==== Information supplied ====

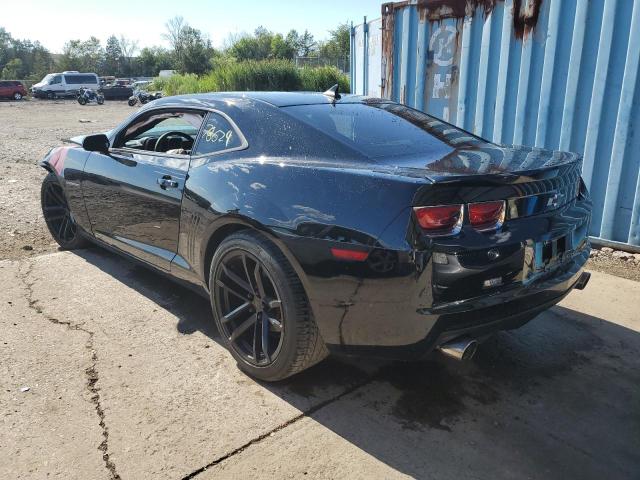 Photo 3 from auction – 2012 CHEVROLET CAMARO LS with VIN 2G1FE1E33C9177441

====
==== Information supplied ====

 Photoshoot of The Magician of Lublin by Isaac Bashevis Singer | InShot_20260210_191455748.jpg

====
==== Information supplied ====

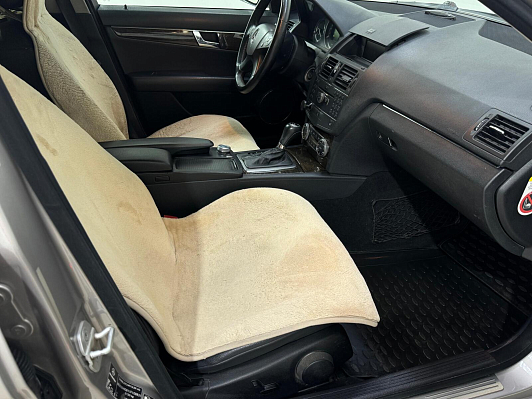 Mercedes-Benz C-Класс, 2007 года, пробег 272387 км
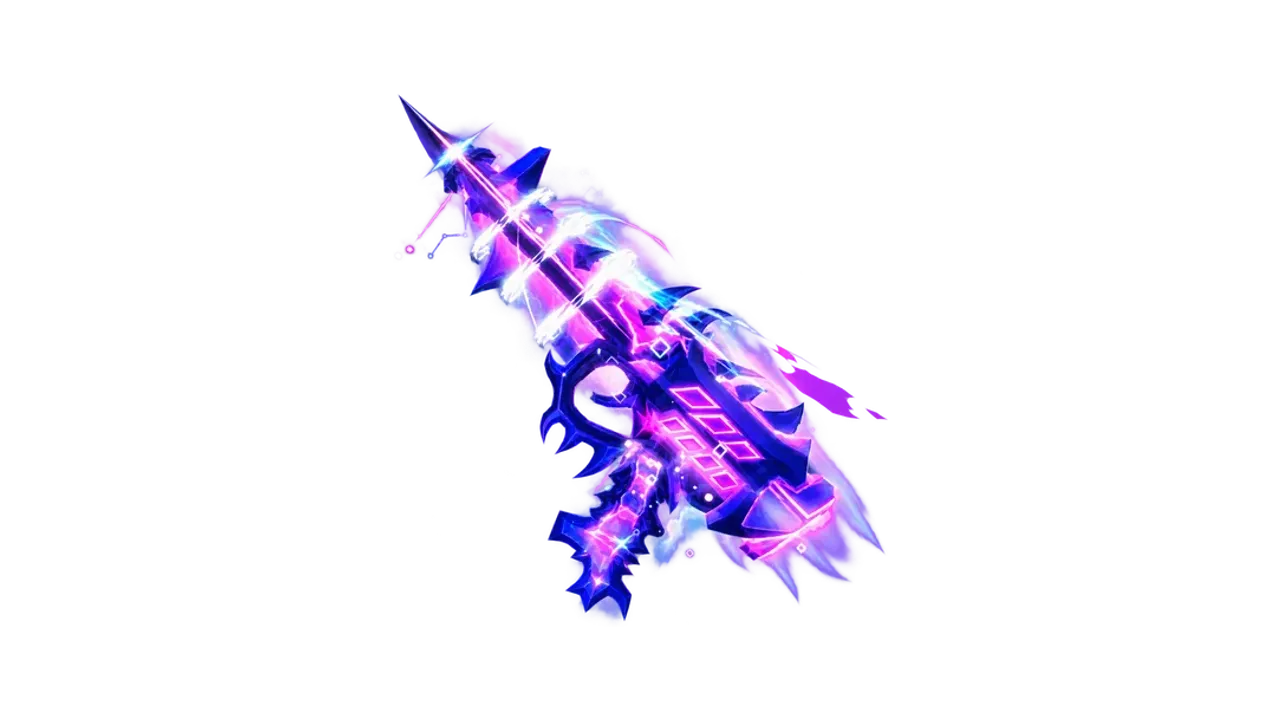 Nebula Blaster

====

Try it:
Extract, without any images, the part of the material above that opens with the line containing "Mercedes-Benz C-Класс, 2007" and closes with the line containing "Nebula Blaster", both lines included.

Your solution:
 Mercedes-Benz C-Класс, 2007 года, пробег 272387 км
 Nebula Blaster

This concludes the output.